# wieviel swap ...

## zbled

...würdet ihr mir bei 768 mb ram empfehlen? ich habe die swap partition derzeit auf 1,5 gb, die allerdings noch nie von linxu verwendet wurden.

ich betreibe den pc als normale workstation mit gnome 2.

danke für eure antworten

martin

----------

## Dimitri

Hi,

also ich hab 200MB bei 256 MB Ram.

Ich glaub allerdings, dass Du bei Deinem Ran überhaupt keine SWAP Partition brauchst.
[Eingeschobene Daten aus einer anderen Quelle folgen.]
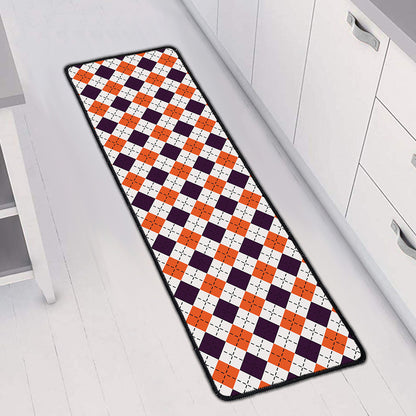 Halloween Checked Pattern Print Long Kitchen Mat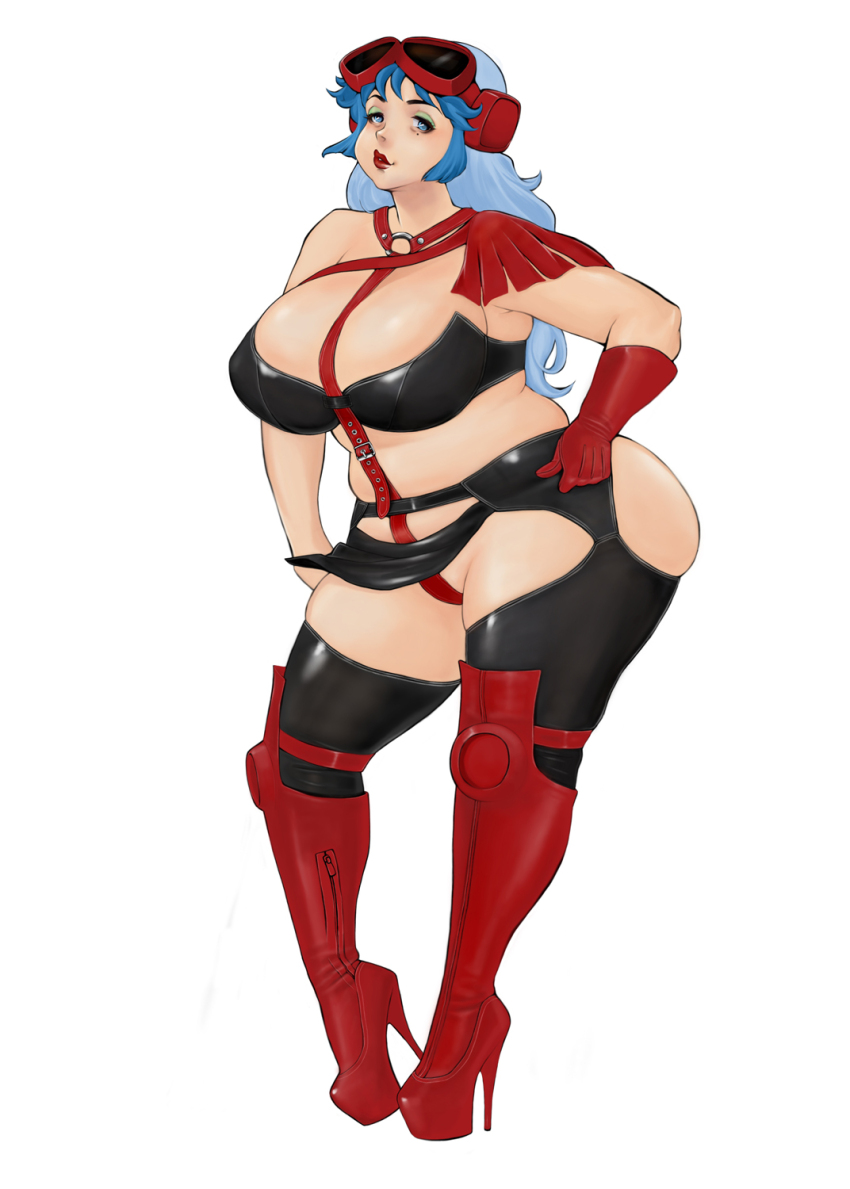 1girl between_breasts black_bodysuit blue_eyes blue_eyeshadow blue_hair bodysuit boots breasts eyeshadow full_body gloves goggles goggles_on_head greta_karas high_heel_boots high_heels highres komii large_breasts lipstick long_hair looking_at_viewer makeup mature_female mole mole_under_eye o-ring old old_woman plump red_gloves sentou_mecha_xabungle sidelocks simple_background solo standing thick_thighs thighs white_background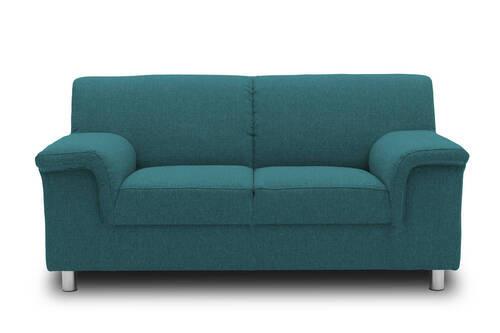 2-sitzer-sofa Jamie Rücken Echt Petrol Webstoff - Chromfarben/Petrol, KONVENTIONELL, Textil (145/72/80cm) - MID.YOU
Wenn überhaupt dann nur so um die 100 MB für alle Fälle. 1,5 GB wären die reinste Verschwendung.

Dim

----------

## de4d

hab nur 512M trotzdem habich meistens um die 0 swap usage

kommt natuerlich immer auf die benutzung an ...

----------

## spaci76

hi,

also ich hab auch 768mb und hab 512mb swap meine spitzenauslastung vom system war mal  750mbRAM +320mb swap also ich würde es nicht kleiner machen .. hatte es auch mal ohne swap getestet aber ich stieß dabei an performensprobs schlimmster art wo ich am ende es ram war.. 

also meine empfehlung :

768 ram 

512 mb swap (wenn möglich 2x 256mb auf getrennten platten) ist aber nciht nötig . bringt nur etwas mehr speed.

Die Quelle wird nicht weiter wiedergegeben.